En efecto, es tan nuclear y acuciante esa vivencia de amor y felicidad, que en la primera línea del número 1 del Catecismo de la Iglesia -y tiene casi tres mil-, se nos habla ya de que Dios es infinitamente feliz y nos llama a cada uno a compartir su felicidad. Para ser precisos: en lugar de “feliz”, el Catecismo escribe, con mayúscula “Bienaventurado”. Literalmente, el comienzo de ese primer número dice así: “Dios infinitamente Perfecto y Bienaventurado (Feliz) en sí mismo, en un designio de pura bondad(amor) ha creado libremente al hombre para que tenga parte en su vida bienaventurada”. Imposible mejor tarjeta de presentación por parte del Creador.

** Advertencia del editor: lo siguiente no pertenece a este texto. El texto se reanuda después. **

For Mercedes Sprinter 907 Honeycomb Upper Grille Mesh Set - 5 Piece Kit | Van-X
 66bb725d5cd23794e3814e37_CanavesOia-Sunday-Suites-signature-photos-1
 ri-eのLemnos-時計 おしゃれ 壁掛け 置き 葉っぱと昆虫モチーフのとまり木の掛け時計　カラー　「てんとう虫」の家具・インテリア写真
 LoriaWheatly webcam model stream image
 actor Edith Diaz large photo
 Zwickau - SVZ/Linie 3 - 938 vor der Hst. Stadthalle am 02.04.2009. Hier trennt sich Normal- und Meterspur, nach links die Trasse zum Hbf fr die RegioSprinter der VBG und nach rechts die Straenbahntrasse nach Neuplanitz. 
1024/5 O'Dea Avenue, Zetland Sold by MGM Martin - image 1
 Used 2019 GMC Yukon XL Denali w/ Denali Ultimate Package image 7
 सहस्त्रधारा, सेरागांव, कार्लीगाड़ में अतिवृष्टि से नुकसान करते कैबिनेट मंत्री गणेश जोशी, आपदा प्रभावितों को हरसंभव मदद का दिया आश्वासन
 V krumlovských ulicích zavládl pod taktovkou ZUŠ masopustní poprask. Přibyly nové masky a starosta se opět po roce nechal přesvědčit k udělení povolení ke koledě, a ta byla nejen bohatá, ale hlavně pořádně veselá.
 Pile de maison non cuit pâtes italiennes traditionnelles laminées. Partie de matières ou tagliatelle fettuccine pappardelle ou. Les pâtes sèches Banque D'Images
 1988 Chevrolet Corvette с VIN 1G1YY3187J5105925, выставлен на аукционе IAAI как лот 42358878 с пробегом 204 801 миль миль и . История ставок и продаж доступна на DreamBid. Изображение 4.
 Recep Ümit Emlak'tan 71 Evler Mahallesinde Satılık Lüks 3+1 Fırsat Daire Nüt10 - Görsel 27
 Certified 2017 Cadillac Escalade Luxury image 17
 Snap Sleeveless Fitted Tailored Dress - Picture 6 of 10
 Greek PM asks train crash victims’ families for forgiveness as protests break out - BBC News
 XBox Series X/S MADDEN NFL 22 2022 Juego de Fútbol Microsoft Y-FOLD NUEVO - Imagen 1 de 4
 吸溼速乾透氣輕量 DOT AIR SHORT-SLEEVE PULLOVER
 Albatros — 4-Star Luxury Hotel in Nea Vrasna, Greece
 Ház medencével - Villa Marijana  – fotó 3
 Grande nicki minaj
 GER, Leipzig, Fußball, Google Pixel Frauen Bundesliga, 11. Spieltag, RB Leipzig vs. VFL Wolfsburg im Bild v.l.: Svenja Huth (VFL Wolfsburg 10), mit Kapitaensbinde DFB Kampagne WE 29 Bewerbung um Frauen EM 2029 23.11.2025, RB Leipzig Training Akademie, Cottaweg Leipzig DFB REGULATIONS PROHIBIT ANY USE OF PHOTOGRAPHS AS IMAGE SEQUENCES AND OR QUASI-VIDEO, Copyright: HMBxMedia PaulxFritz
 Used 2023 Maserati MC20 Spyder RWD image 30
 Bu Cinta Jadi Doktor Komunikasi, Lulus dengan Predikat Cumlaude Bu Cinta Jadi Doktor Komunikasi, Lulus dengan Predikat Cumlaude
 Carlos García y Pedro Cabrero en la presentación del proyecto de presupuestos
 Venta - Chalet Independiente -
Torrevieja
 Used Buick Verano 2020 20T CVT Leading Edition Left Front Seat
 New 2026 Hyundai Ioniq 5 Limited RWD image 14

Con todo, pocos puntos después, en su número 27 desvela la raíz y el término de ese anhelo de felicidad: “El deseo de Dios está inscrito en el corazón del hombre, porque ha sido creado por Dios y para Dios; y Dios no deja de atraer al hombre hacia sí, y solo en Dios encontrará el hombre la verdad y la dicha que no cesa de buscar”. En otras palabras: fuera de Dios y de los amores no opuestos al suyo, nadie jamás encontrará la verdadera felicidad; lo expresó espléndidamente san Agustín: “Nos has hecho, Señor, para Ti, y nuestro corazón está inquieto hasta que descanse en ti» (Confesiones, Lib, 1, 1)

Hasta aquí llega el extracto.